[Short text fragments from websites]
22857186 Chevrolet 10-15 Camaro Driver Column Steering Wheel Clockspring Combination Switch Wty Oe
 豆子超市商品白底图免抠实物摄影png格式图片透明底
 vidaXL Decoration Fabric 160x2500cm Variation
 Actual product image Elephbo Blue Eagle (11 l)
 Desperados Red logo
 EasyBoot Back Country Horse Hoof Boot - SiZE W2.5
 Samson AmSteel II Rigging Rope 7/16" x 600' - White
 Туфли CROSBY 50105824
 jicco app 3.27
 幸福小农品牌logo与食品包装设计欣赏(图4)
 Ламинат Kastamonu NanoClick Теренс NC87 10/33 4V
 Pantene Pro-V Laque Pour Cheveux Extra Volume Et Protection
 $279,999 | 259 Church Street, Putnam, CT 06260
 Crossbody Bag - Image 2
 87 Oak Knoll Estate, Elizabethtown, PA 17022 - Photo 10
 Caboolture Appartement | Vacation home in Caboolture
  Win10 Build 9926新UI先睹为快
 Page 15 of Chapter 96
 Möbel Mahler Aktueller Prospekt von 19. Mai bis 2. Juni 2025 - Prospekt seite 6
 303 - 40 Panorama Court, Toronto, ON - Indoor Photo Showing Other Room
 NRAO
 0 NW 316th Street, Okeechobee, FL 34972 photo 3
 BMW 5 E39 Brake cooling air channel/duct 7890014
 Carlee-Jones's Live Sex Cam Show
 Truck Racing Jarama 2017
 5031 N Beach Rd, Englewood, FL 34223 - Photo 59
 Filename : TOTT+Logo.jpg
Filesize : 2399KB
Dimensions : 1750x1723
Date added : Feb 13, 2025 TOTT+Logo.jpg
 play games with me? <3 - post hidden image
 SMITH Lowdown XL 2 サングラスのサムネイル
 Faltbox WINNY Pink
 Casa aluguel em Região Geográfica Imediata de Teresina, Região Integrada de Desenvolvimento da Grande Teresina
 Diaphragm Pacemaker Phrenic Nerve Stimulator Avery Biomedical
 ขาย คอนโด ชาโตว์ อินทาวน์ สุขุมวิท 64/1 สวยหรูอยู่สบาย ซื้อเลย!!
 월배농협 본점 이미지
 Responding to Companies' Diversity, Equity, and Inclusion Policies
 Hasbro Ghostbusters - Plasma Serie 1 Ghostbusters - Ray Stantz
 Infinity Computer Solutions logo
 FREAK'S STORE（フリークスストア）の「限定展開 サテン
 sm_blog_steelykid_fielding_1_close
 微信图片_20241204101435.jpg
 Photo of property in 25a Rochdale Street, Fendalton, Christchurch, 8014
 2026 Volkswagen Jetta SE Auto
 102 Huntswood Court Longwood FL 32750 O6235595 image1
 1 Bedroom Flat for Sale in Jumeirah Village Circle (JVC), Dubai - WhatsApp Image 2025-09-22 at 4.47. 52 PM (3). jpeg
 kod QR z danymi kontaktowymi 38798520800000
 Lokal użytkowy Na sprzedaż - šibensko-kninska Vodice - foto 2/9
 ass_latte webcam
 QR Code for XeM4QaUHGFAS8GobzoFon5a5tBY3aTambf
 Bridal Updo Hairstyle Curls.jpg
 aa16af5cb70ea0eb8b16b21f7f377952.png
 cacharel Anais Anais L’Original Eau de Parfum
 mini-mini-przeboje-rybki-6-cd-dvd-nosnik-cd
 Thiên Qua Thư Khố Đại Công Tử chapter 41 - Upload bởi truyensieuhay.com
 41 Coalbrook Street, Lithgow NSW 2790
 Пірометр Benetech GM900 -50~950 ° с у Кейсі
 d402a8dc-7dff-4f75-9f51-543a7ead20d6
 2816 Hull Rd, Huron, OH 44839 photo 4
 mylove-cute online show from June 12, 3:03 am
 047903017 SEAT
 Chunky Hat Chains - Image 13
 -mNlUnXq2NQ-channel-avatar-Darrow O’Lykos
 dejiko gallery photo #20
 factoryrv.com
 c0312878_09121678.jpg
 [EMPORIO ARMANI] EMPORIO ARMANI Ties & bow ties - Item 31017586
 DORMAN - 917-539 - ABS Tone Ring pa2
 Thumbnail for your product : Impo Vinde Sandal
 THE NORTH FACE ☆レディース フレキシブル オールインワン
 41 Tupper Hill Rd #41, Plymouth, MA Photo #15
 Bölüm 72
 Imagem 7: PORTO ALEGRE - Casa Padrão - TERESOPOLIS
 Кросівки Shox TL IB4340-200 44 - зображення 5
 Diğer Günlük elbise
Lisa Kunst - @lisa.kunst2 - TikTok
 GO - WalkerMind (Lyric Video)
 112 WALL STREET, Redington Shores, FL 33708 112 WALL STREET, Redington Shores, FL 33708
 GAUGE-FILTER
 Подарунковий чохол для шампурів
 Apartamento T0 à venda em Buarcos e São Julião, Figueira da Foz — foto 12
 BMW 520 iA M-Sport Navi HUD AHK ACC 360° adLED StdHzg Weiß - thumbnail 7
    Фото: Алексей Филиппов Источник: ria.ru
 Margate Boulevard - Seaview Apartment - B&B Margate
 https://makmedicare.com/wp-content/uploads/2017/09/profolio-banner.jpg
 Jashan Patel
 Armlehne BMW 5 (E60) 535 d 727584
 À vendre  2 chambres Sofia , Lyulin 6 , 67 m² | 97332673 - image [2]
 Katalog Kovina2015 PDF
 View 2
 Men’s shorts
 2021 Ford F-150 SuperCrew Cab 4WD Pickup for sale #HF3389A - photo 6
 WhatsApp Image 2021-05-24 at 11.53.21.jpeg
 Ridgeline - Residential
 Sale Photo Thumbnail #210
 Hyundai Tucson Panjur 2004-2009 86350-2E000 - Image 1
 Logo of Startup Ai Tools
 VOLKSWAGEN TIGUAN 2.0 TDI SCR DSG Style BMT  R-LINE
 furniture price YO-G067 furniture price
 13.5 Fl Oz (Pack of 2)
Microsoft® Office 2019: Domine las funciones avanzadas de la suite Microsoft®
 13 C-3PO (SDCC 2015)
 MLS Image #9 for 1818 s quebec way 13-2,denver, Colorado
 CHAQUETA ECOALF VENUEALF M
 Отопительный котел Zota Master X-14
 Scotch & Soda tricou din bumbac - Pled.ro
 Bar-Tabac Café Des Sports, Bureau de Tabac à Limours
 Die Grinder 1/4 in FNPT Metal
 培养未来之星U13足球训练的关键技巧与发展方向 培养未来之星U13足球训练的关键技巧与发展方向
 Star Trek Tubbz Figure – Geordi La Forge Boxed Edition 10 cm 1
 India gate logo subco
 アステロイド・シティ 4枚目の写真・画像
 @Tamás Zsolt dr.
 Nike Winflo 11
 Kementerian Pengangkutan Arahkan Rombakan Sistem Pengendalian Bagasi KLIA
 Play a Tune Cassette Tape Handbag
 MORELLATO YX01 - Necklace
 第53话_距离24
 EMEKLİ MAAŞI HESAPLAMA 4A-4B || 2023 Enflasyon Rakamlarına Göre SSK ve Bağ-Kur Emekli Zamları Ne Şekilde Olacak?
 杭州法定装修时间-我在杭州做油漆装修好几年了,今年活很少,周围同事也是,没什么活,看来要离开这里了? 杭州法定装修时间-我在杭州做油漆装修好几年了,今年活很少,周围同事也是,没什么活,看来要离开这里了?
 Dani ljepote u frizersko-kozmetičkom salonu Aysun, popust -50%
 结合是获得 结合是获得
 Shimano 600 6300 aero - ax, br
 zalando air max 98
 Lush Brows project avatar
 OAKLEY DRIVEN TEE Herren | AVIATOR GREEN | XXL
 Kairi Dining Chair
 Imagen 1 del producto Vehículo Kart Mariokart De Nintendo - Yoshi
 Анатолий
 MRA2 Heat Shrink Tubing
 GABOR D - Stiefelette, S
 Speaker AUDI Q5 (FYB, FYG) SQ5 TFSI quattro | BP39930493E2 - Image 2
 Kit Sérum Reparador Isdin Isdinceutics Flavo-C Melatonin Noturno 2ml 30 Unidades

- Work required:
With the line holding "play games with me? <3 - post hidden image" as the first and the line holding "Responding to Companies'" as the last, set down that range of the entries above exactly, and nothing else.

- Answer to this exercise:
 play games with me? <3 - post hidden image
 SMITH Lowdown XL 2 サングラスのサムネイル
 Faltbox WINNY Pink
 Casa aluguel em Região Geográfica Imediata de Teresina, Região Integrada de Desenvolvimento da Grande Teresina
 Diaphragm Pacemaker Phrenic Nerve Stimulator Avery Biomedical
 ขาย คอนโด ชาโตว์ อินทาวน์ สุขุมวิท 64/1 สวยหรูอยู่สบาย ซื้อเลย!!
 월배농협 본점 이미지
 Responding to Companies' Diversity, Equity, and Inclusion Policies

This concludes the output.